Problem: Give again, word for word, the line holding "Basketball Superliga 2021/22, 8." and every line after it through the end of the data below. Omit pictures.

==== Input data

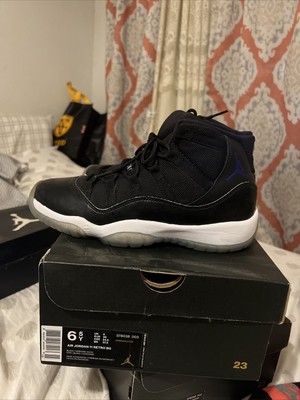 jordan 11 space jam 2016 taille 6,5 ans femme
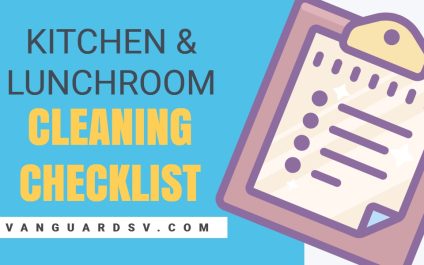 Office Kitchen and Lunchroom Cleaning Checklist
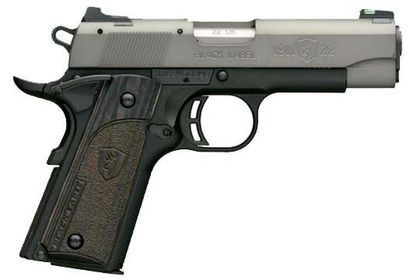 Browning 1911-22 Gen 1 Black Label Compact .22 LR Pistol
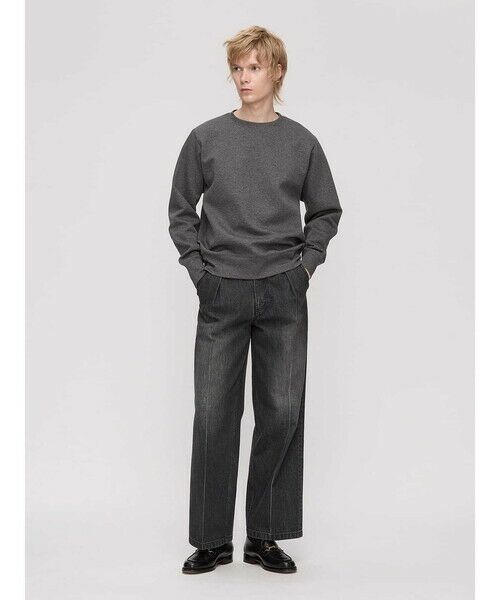 Aquascutum / アクアスキュータム カットソー | ダンボール プルオーバー | 詳細17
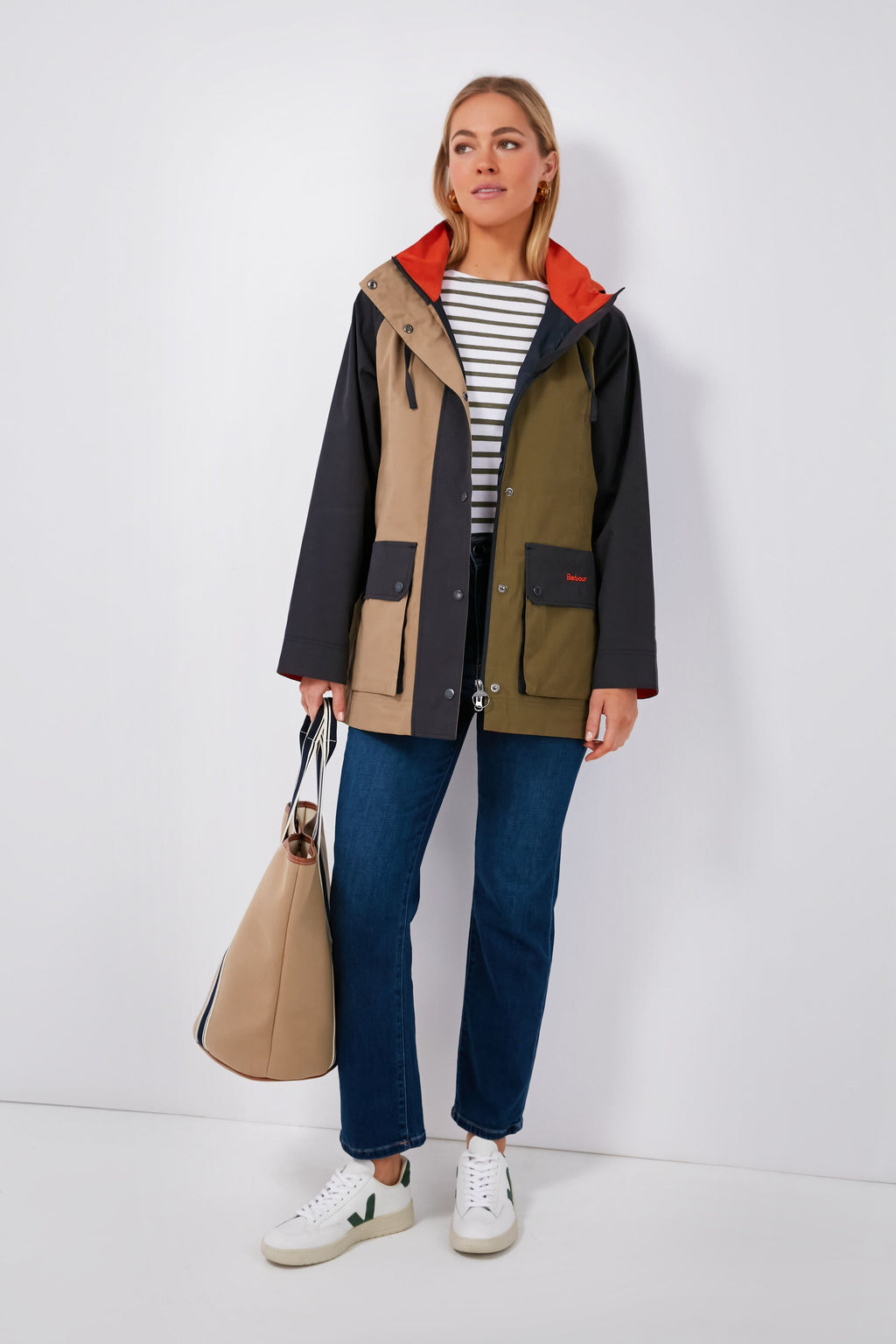 Lowland Patch Beadnell Jacket
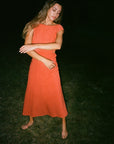 BELÉN DRESS | yam | organic + earth dyed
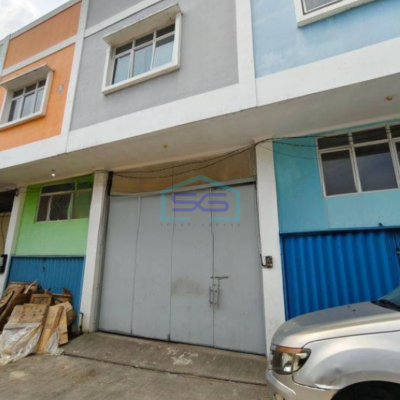 Dijual Gudang di Tangerang SHM Area Strategis dan Aman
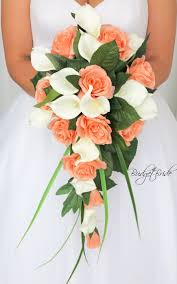 For the marriage, not only the traditional wedding bouquet is purchased, but also a small. Cascading Davids Bridal Wedding Flowers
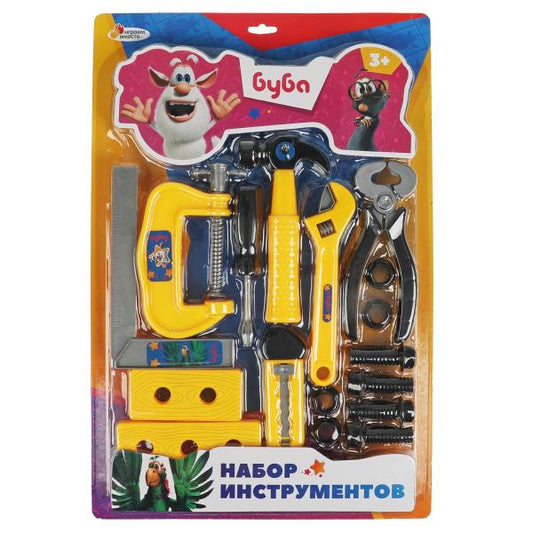 Набор инструментов БУБА блист.28*42*3см ИГРАЕМ ВМЕСТЕ в кор.2*36шт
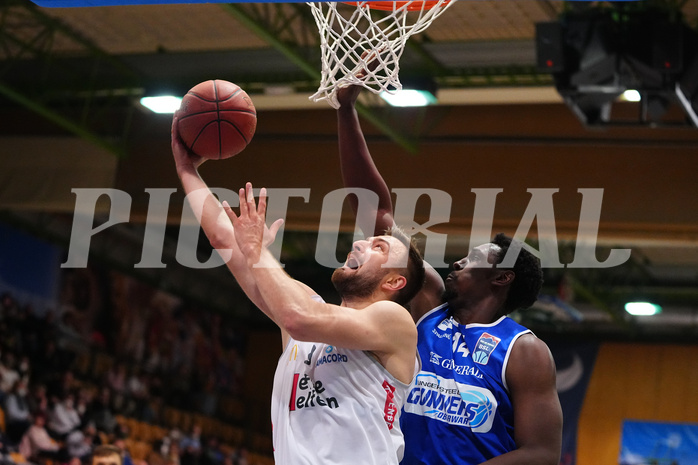 Basketball Superliga 2021/22, 8. Platzierungsrunde, Kapfenberg vs. Oberwart


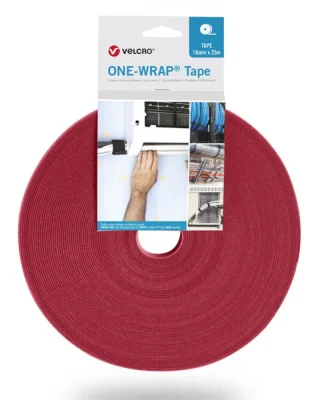 חבילת סרטי קשירה FRT לכבלים (סקוטש) - VELCRO - 20MM X 0.15M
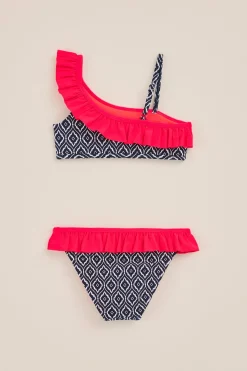 Meisjes bikini met dessin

========

Response to this exercise:
 Basketball Superliga 2021/22, 8. Platzierungsrunde, Kapfenberg vs. Oberwart


 חבילת סרטי קשירה FRT לכבלים (סקוטש) - VELCRO - 20MM X 0.15M
 Meisjes bikini met dessin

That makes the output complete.